# EU Food Protest



## Vol (Jul 5, 2009)

It is really hard to understand why we still have parts of the world(Africa) that are hungering when there is such a worldwide glut of food. I suppose it is logistics.....maybe the UN should spend more time at efforts like food distributions and less effort at trying to make the world muslim.

Regards, Mike

http://www.agweb.com/article/british-cows-hit-the-beach-as-farmers-demand-higher-milk-prices-blmg/


----------



## somedevildawg (Jun 20, 2011)

That's some cheap milk.....maybe our cotton farmers could do the same thing.....maybe hire some models to go thin on the clothes in protest  I don't know how these folks are continuing to grow cotton down here.....


----------



## stack em up (Mar 7, 2013)

somedevildawg said:


> That's some cheap milk.....maybe our cotton farmers could do the same thing.....maybe hire some models to go thin on the clothes in protest  I don't know how these folks are continuing to grow cotton down here.....
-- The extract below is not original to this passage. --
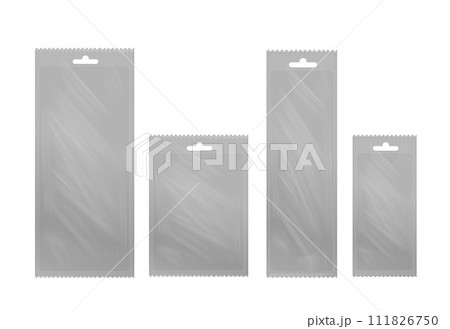 Empty plastic packaging. Blank foil or plastic sachet for food or medicines 111826750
PETA tried that with their rather go naked than wear fur campaign. Unfortunately, the ones that are going naked, you don't wanna see.... What has been seen cannot be unseen


----------



## mlappin (Jun 25, 2009)

This is to be expected when the government tit becomes a way of life, how long was milk well below the cost of production here?

I believe in free markets, but it seems that it's not just the american farmer that over produces themselves right out of profitability.

I'm also a strong believer that our farm programs need a massive enema, the guys that could use it the most usually gets the least.


----------



## deadmoose (Oct 30, 2011)

As always, getting government out of the way is good for some, but bad for others. They have been milking something to make a profit.

Vol- as to why surpluses will NEVER reach the folks who truly are in need, it is culture. Ours, and theirs. The belief systems do not match. We think we are doing good sending them relief. They don't see it as that. Somewhere in the middle the leaches of society make a good living.


----------